Eu estava adaptando um pouco os dados sobre a minha vida porque ela não é bem assim. Uma das únicas coisas que dão certo na minha vida – senão a única – é essa coisa de trabalho e estudo. O resto é caos. Mas está melhor hoje. Vai ver é porque minha vida se resume a trabalho e estudo. E é claro que eu não sou lá muito boa em priorizar coisas. Como Dani, eu também quero tudo aqui e agora. Como é fácil falar. Fazer, nem tanto.

Eu continuei, me sentindo um manual de auto-ajuda de segunda mão:

- Você pega leve com você mesma, termina a faculdade, mata as DPs, tira o diploma. Enquanto isso, fica de olho em novas possibilidades de emprego, nessa área ou em outras que parecerem interessantes.

- O problema é que não sei o que quero. – ela disse.

- Bem-vinda ao mundo! Na maior parte das vezes, a gente não tem lá muita certeza do que quer, mas enquanto você viver tão preocupada, tão grudada numa grade como essa, tão trancada dentro de si mesma, aí não vai ter cabeça para pensar direito ou simplesmente deixar espaço para que alguma coisa boa apareça aí dentro.

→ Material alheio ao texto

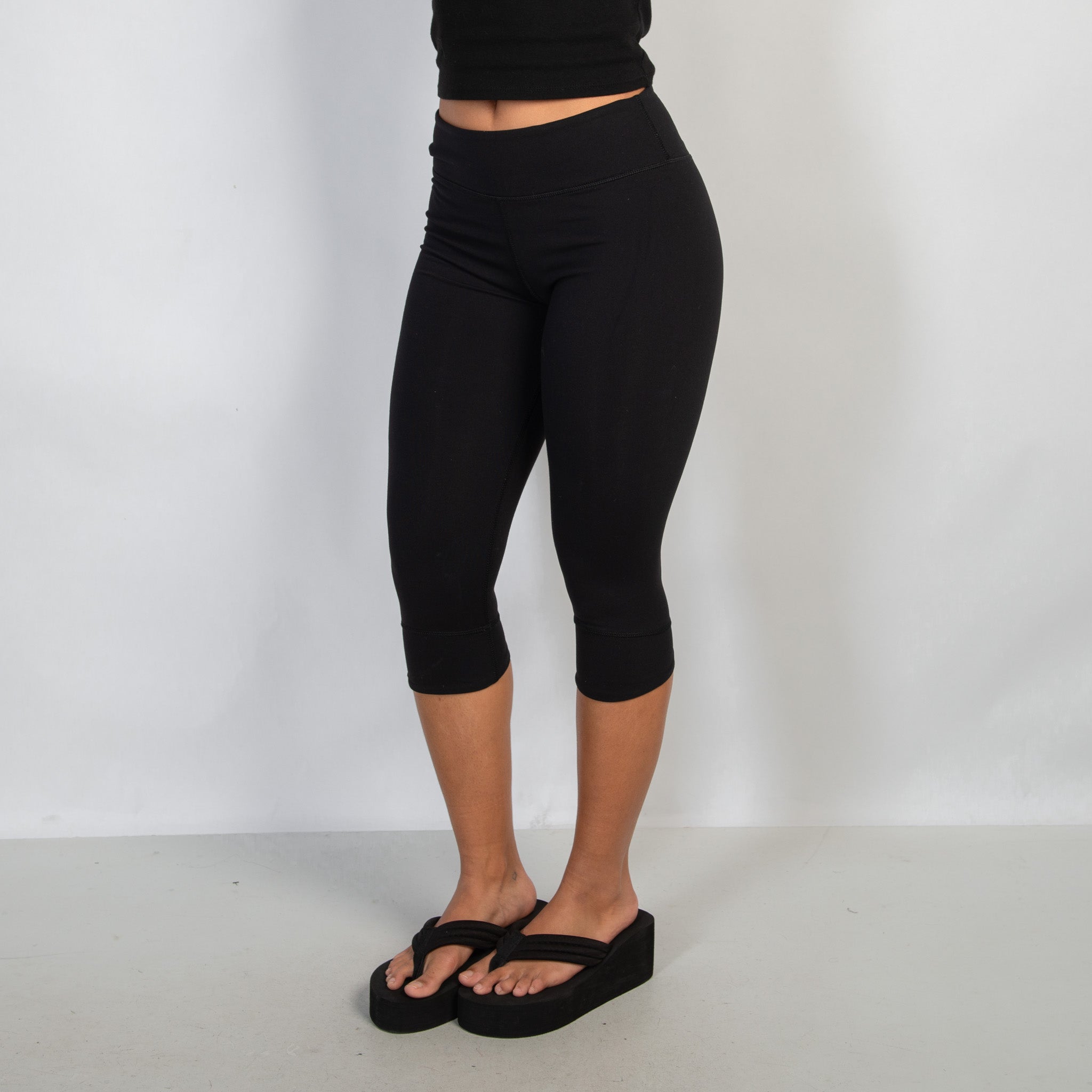 PINK ACCENT CROP TIGHTS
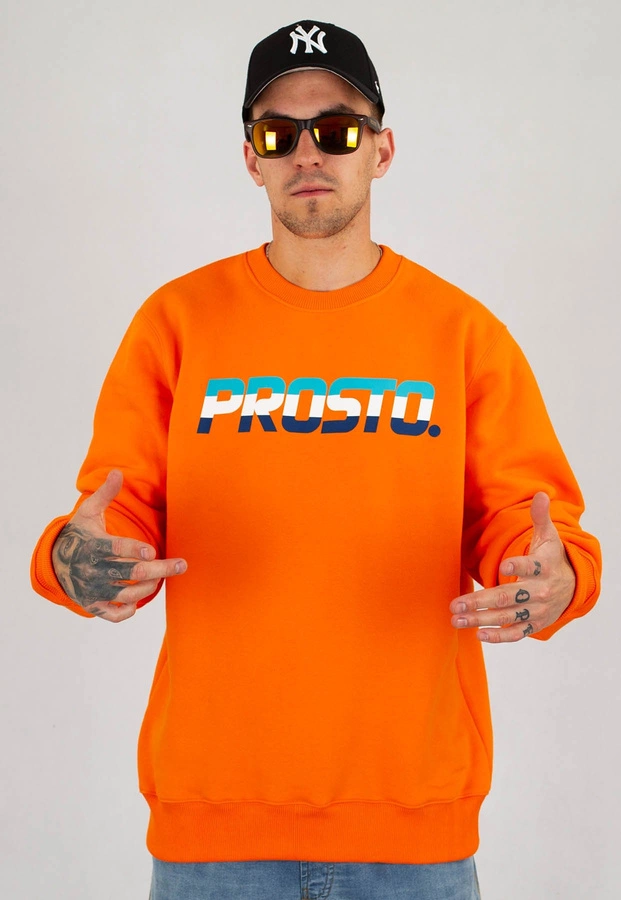 Bluza Prosto Cliche pomarańczowa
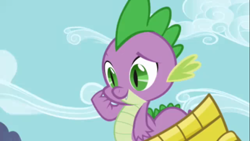 Size: 500x281 | Tagged: safe, screencap, character:spike, episode:friendship is magic, g4, my little pony: friendship is magic, solo
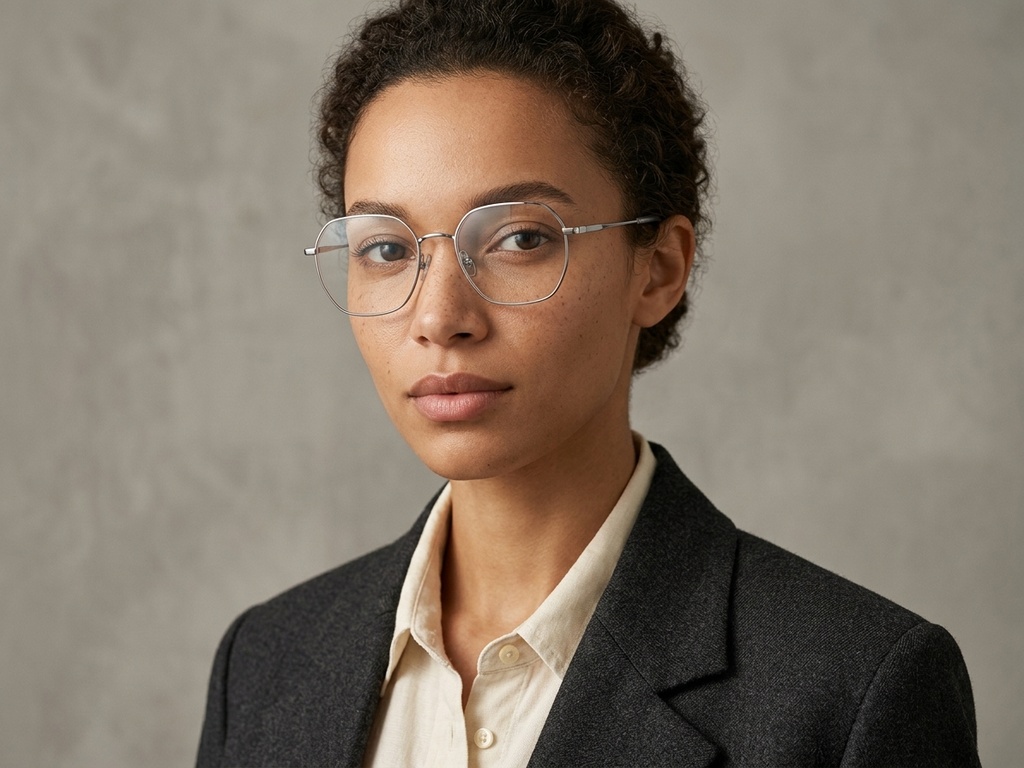 BS1924-0371_Black_Geometric_Titanium_Glasses-tryon_female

Eu já estava alcançando o grau Paulo Coelho de obviedades! Mas o mais importante era tirá-la daquele viaduto e fazê-la sentir-se melhor.

- Eu queria ser melhor. – ela disse.

- Eu também. Pode acreditar nisso. Se eu parar para pensar, piro de vez. – E eu paro para pensar nisso, claro que paro...

- É por isso que não aguento as aulas. Minha mochila está lá na faculdade. Ela assiste mais aula do que eu. Eu não consigo prestar atenção. Tem um cara na minha classe que fica ligado o tempo todo, lê todos os livros, dá raiva!

- É, eu conheço esse tipo de gente... – “Esse tipo de gente” deve ser como eu, os CDFs, nerds, geeks, Hermiones que atormentam os outros. Mas isso eu não disse para ela. – Acho que sua mochila está se sentindo muito sozinha e eu também estou atrasadíssima para a colação de grau do meu amigo. Vamos lá?

- Eu queria chegar na minha colação de grau...

- Não me parece que você está tão longe disso...

Ela se afastou das grades com facilidade e fomos conversando até a faculdade, onde nos separamos. Dei meu cartão para ela e disse para me ligar quando quisesse bater papo, sobre qualquer assunto. Um beijo, um abraço e assim acaba a história.

Bem que eu queria contá-la para a anã.